Butter keeps cookies fluffy in two ways. First, creaming cold butter with sugar creates tiny, uniform air pockets that will remain in the dough it bakes up. Second, cold butter naturally takes a longer time to melt in the oven.

What is the golden rule in baking cookies? ›

Chilling cookie dough is a golden rule to be sure, but there are exceptions. If you're going for a thin cookie that spreads out or you have a delicate dough like macron or madeleine, those are the instances where you'll want to bake your cookies at room temperature instead.

What is the number one cookie in the world? ›

Oreo is the best-selling cookie in the world. It is now sold in over 100 countries.
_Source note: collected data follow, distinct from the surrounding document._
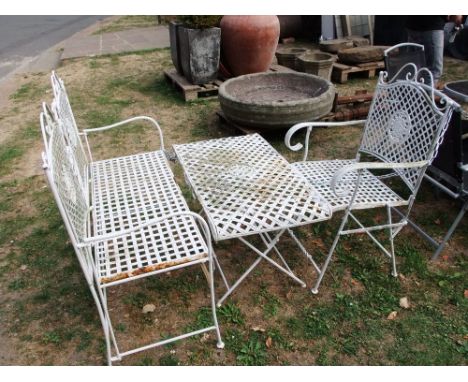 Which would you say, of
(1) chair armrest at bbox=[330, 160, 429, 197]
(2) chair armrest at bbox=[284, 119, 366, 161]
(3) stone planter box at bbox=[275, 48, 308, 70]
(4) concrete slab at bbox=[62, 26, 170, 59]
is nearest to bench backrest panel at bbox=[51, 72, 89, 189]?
(2) chair armrest at bbox=[284, 119, 366, 161]

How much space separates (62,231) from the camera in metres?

Oreo was first produced in 1912 by the National Biscuit Company, now known as Na-Bis-Co.

What ingredient helps cookies rise? ›

Baking Powder. The type of leavening you use in your cookies doesn't just help them rise while baking, it affects their texture and structure too. Baking soda in cookies yields a denser cookie with craggy tops, while baking powder causes cookies to rise higher during baking for a cakier texture.

What does extra flour do to a cookie? ›

Soft – Dough that's “soft” or “runny” can be thickened by adding one or two tablespoons of flour to your mix. This will help keep your batch from “Spreading” and coming out of the oven looking like flat, not-so-cookie-like puddles.

What is the secret to making cookies? ›

Add Flour or Dry Ingredients in Batches

If the flour is added all at once, the dough would be too stiff and difficult to mix together. The more the flour and liquid are mixed, the more gluten will develop, creating a dense cookie. Adding the flour in batches also ensures the dry ingredients get evenly dispersed.

What makes a cookie the best? ›

The best cookies have layers of texture. A slightly crisp outer shell that holds up to some heat with an inner core that's soft and chewy. Premium cookies taste great at room temperature, straight out of the fridge or slightly heated. Creating cookies in small batches is key.

What is cookie secret? ›

Cookie Secret is the secret used to encrypt and sign session cookies. If you don't provide a cookie secret, Pomerium will generate one for you.

How do you make the perfect cookie texture? ›

The ratio of brown sugar to white sugar determines the softness of your cookies. Using more white sugar makes your cookies thin, crisp, and more delicate. More brown sugar makes a softer, chewier cookie because it melts and caramelizes at a faster rate.